• [Exercise objective] All lines from the one containing "135 m² villa" through the end of the data below are to be repeated exactly, with pictures left out.
==== Dataset content ====
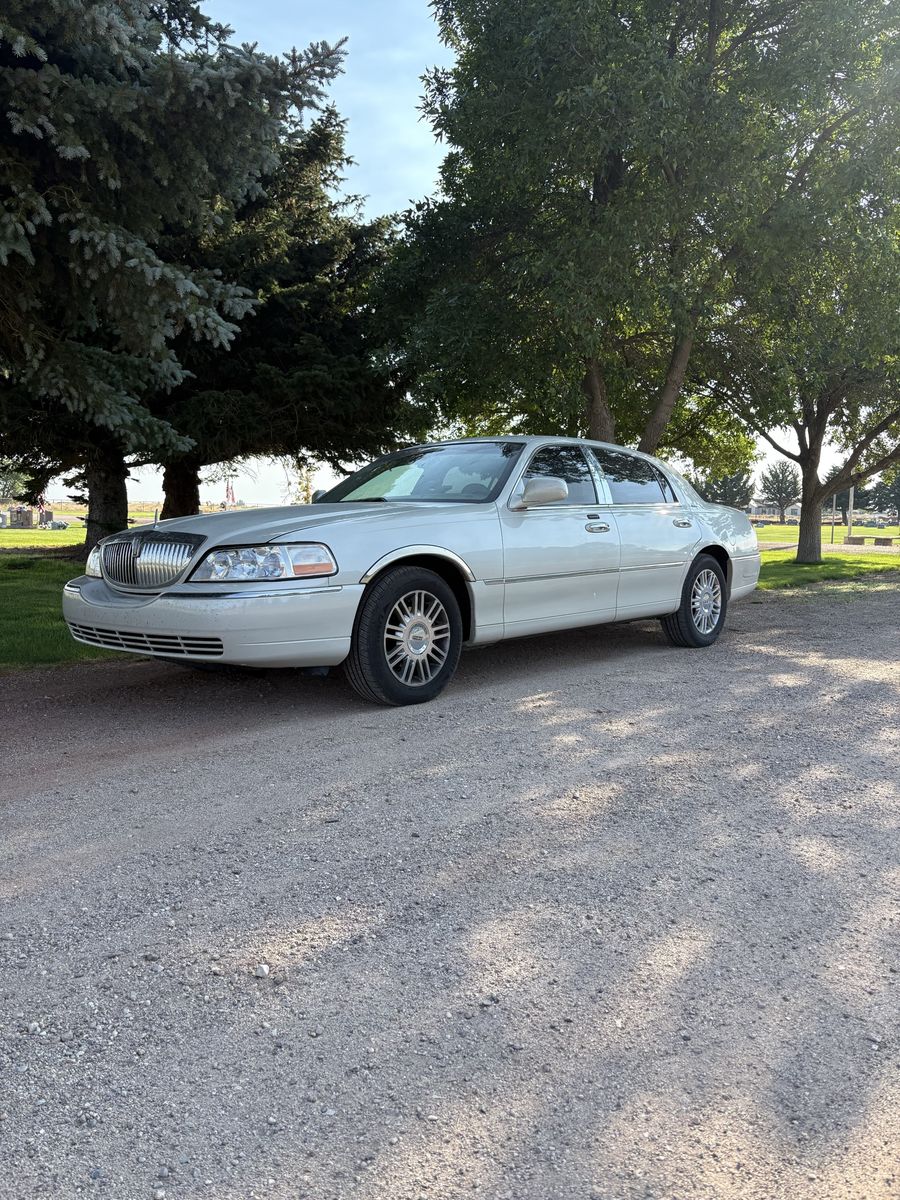 2006 Lincoln Town Car Designer Series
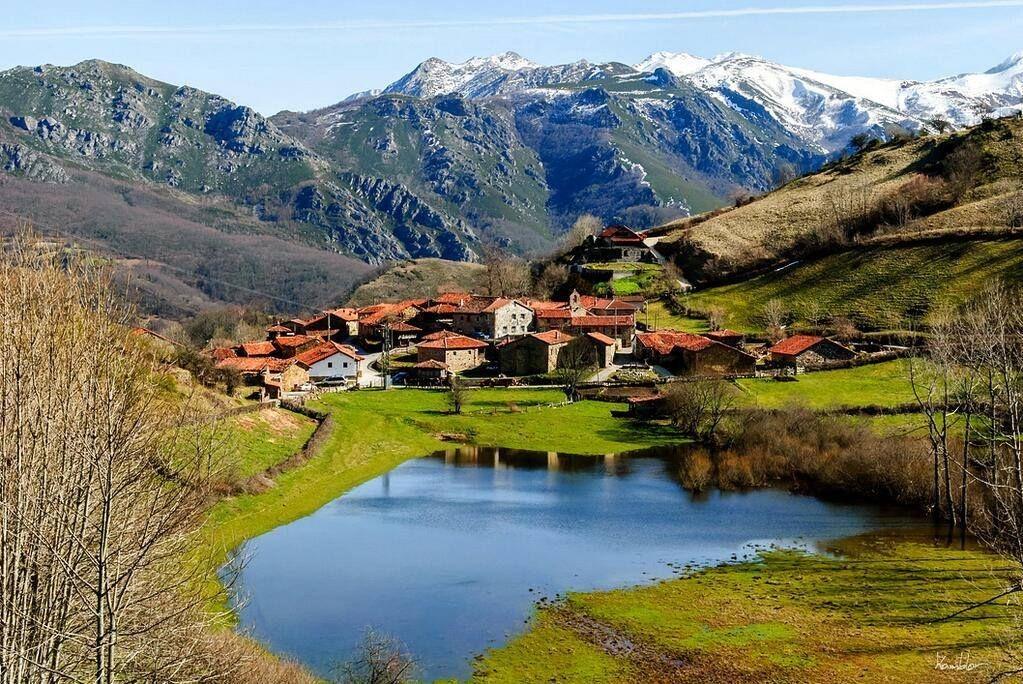135 m² villa en venta en Teverga, Asturias, Principado de Asturias, Spain № 369993
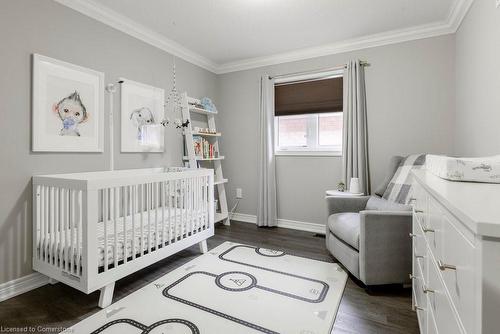 51 Weaver Drive, Ancaster, ON - Indoor Photo Showing Bedroom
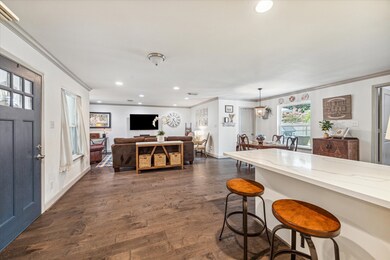 2018 Chippendale Rd, Houston, TX 77018 - photo 3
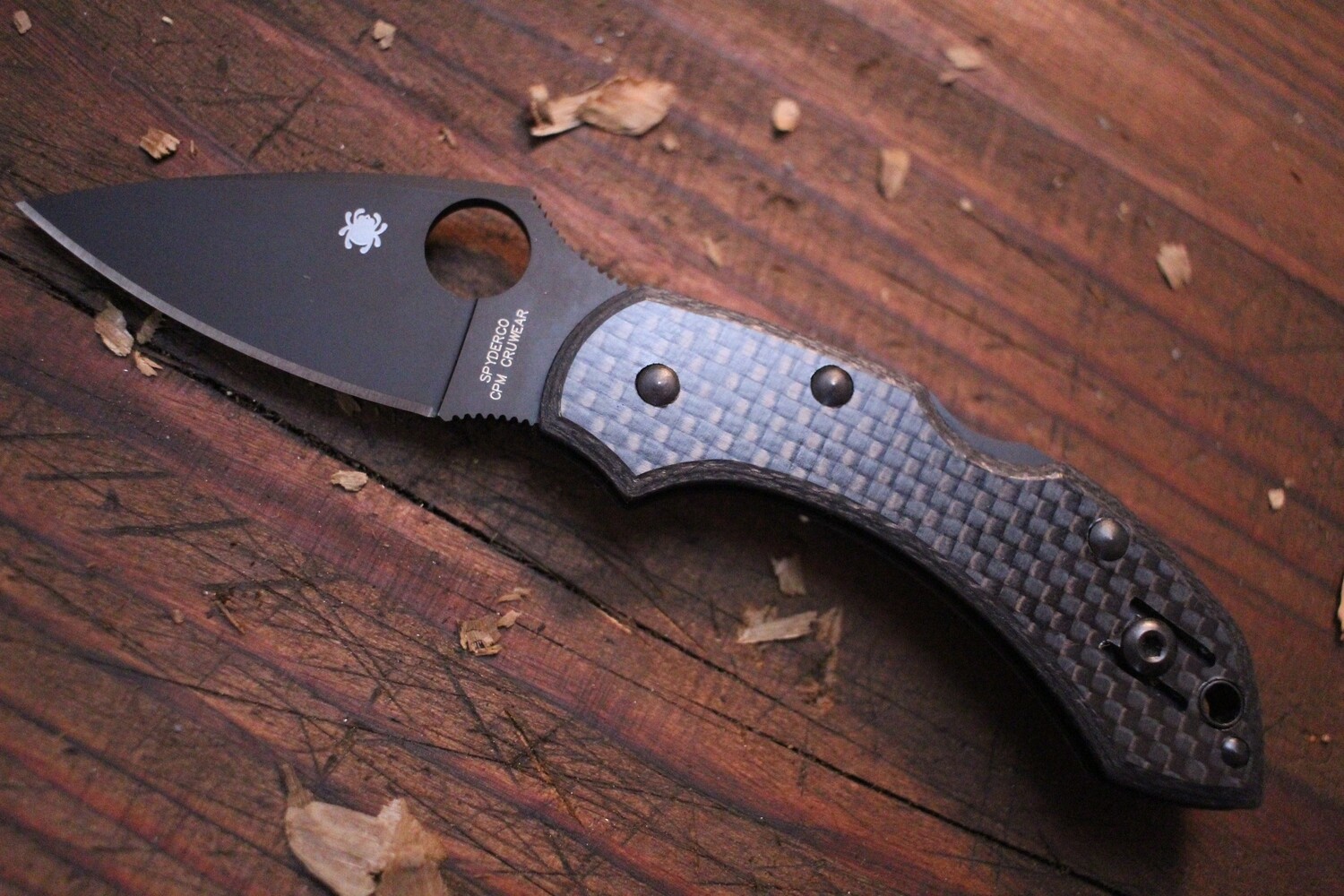 Spyderco Dragonfly 2.3&quot; Lockback Knife / Carbon Fiber / TNi Cruwear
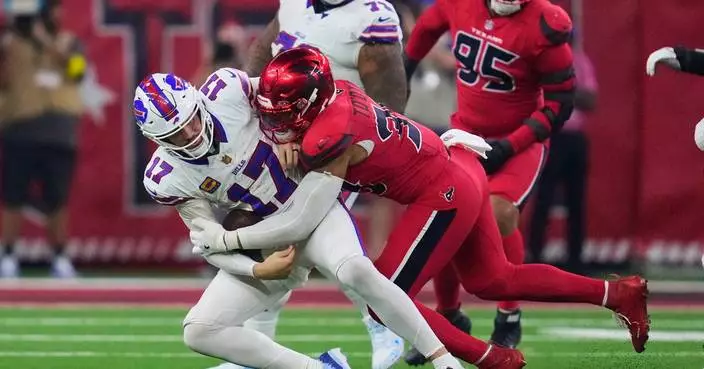 Texans&#8217; defense shines with 8 sacks, 3 turnovers in win over Bills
====
• [Result]
135 m² villa en venta en Teverga, Asturias, Principado de Asturias, Spain № 369993
 51 Weaver Drive, Ancaster, ON - Indoor Photo Showing Bedroom
 2018 Chippendale Rd, Houston, TX 77018 - photo 3
 Spyderco Dragonfly 2.3&quot; Lockback Knife / Carbon Fiber / TNi Cruwear
 Texans&#8217; defense shines with 8 sacks, 3 turnovers in win over Bills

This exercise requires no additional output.